When have you seen a Noguchi table racing along La Cañada Road—between San Mateo and Woodside and past Crystal Springs Reservoir—attached to the earth by only two thin tires, with a helmeted rider leaning into the curves, tools on board in case something goes wrong, and trailing wisps of blue smoke?

That's one of Jim Palmer's favorite routes, beginning downhill from his home. Just recently he and several friends came together for the ride, pausing for burgers at the 167-year-old Alpine Inn in Portola Valley.

"That's a pretty good afternoon," Palmer says.

Scooters are for riding.

Scooters are for Riding
Palmer's 1965 Lambretta 150 Special poses in front of his San Mateo Highlands Eichler.

"I don't like to call myself a collector," says Llamas, an Oakland resident who owns a sea-foam green 1965 Vespa Gran Turismo, and a 1950 Lambretta Li 150, plus a motorcycle. "It's not something to look at and polish. I just get the most joy out of riding it. I ride them daily."

"When you're on a scooter," says Janel Holiday, a San Francisco interior designer who owns two Vespas and a 1966 Lambretta SX 150, "you don't have distractions. You're not listening to the stereo. You're really stripped down. It's just you and this fast-moving machine underneath you pushing you through the world."

And scooters are for riding with others. Breathless newsreel commentators from their birth called Vespas "social appliances," and promo footage showed not heroic, isolated riders cruising along the Amalfi Coast, but groups of three, ten, 12, 20 young men and women riding in a jolly manner together through parks, on city streets, and, yes, along various Italian coasts.

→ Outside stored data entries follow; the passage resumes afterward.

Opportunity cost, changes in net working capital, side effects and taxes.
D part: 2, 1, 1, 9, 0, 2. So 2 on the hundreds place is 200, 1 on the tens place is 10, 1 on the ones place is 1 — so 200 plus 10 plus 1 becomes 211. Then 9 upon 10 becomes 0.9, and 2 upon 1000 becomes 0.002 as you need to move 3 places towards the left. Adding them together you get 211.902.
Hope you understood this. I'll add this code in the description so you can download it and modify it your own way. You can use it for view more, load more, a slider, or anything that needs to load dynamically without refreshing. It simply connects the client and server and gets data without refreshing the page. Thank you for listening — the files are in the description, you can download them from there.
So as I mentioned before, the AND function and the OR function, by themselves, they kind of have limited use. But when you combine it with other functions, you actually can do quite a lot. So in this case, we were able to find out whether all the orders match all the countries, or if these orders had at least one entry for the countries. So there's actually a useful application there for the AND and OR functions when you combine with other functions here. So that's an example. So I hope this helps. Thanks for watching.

"Elegant, youthful, economical!" the narrator cried.

Scooters are for Riding
Jim Palmer and fellow Lambretta enthusiasts take in a panoramic view of the San Francisco skyline atop the City's Twin Peaks.

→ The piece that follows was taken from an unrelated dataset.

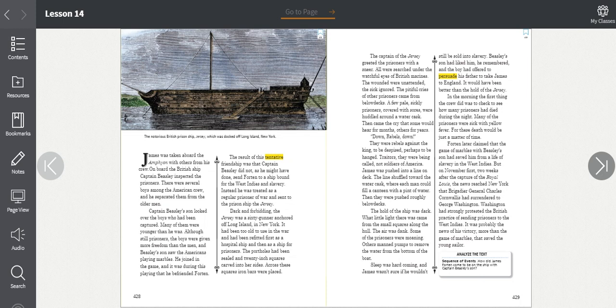Although they were still prisoners, the boys were given more freedom than the men. Beasley's son saw the Americans playing marbles. He joined in the game, and it was during this playing that he befriended Forten. The result of this tentative friendship was that Captain Beasley did not, as he might have done, send Forten to a ship bound for the West Indies and slavery. Instead, he was treated as a regular prisoner of war and sent to the prison ship, the Jersey. Dark and forbidding, the Jersey was a 60-gunner anchored off Long Island in New York. It had been too old to use in the war and had been refitted first as a hospital ship and then as a ship for prisoners. The portholes had been sealed and 20-inch squares were carved into her side. Across these squares, iron bars were placed.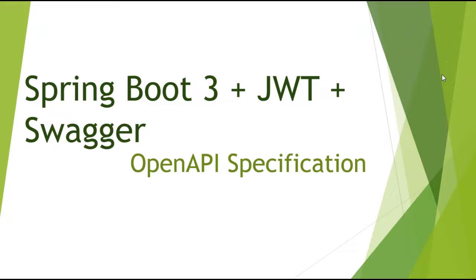In one of the previous tutorials, we saw the basics of Swagger and OpenAPI specification. Also, in another previous tutorial, we implemented Swagger configuration for Spring Boot 3 and Basic Authentication example. In this tutorial, we will be implementing Swagger configuration for Spring Boot 3 JWT Authentication example.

Though born in Italy in 1946, from the start scooters have been international in appeal, and even in their genesis. During World War II inelegant but hardy-and-fast Cushman scooters from Lincoln, Nebraska were dropped by parachute into Italy for use by GIs. Italians noticed.

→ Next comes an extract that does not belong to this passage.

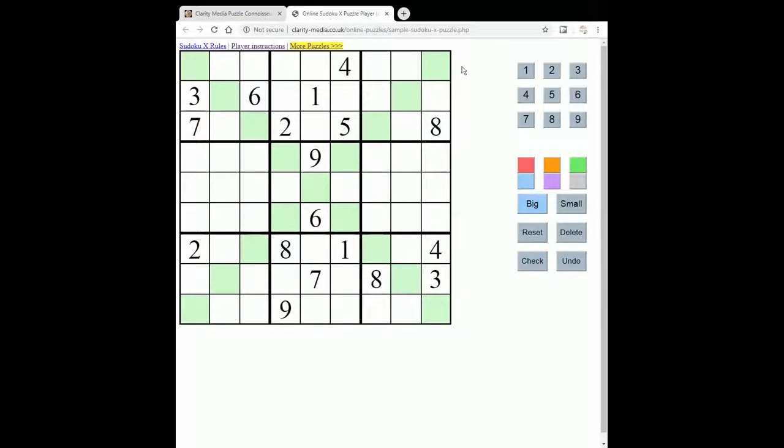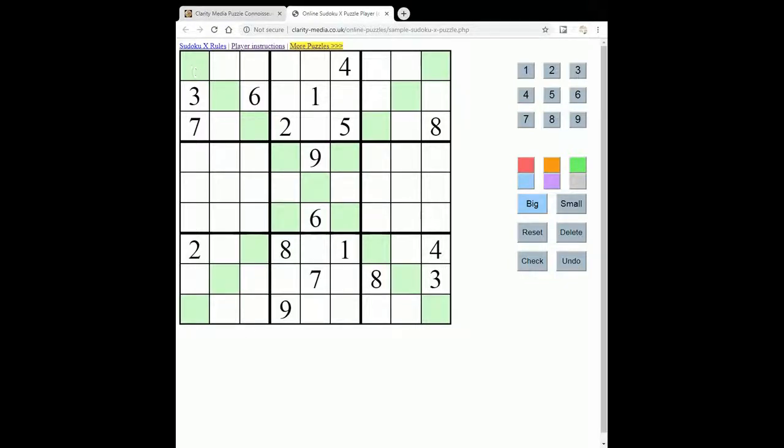So the rules of Sudoku X, you must place 1 to 9 once in each row, each column, and in each 3 by 3 box of the grid. Those are the standard Sudoku rules and means there are 27 regions that each contain 1 to 9 once only.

Enrico Piaggio, who ran Piaggio & C. building aircraft, saw the scooter's value as low-cost civilian transport and worked on prototypes with industrial designer Corradino D'Ascanio. D'Ascanio disliked motorcycles, which he saw as charmless and dirty. The idea was to design an anti-motorcycle.

Unlike a motorcycle, whose riders sit astride a motor that spews smoke and grease onto their bodies, Vespas enclosed both motor and drive train, allowing fashionable Italians to wear fashionable clothes while commuting to work—or to nightclubs.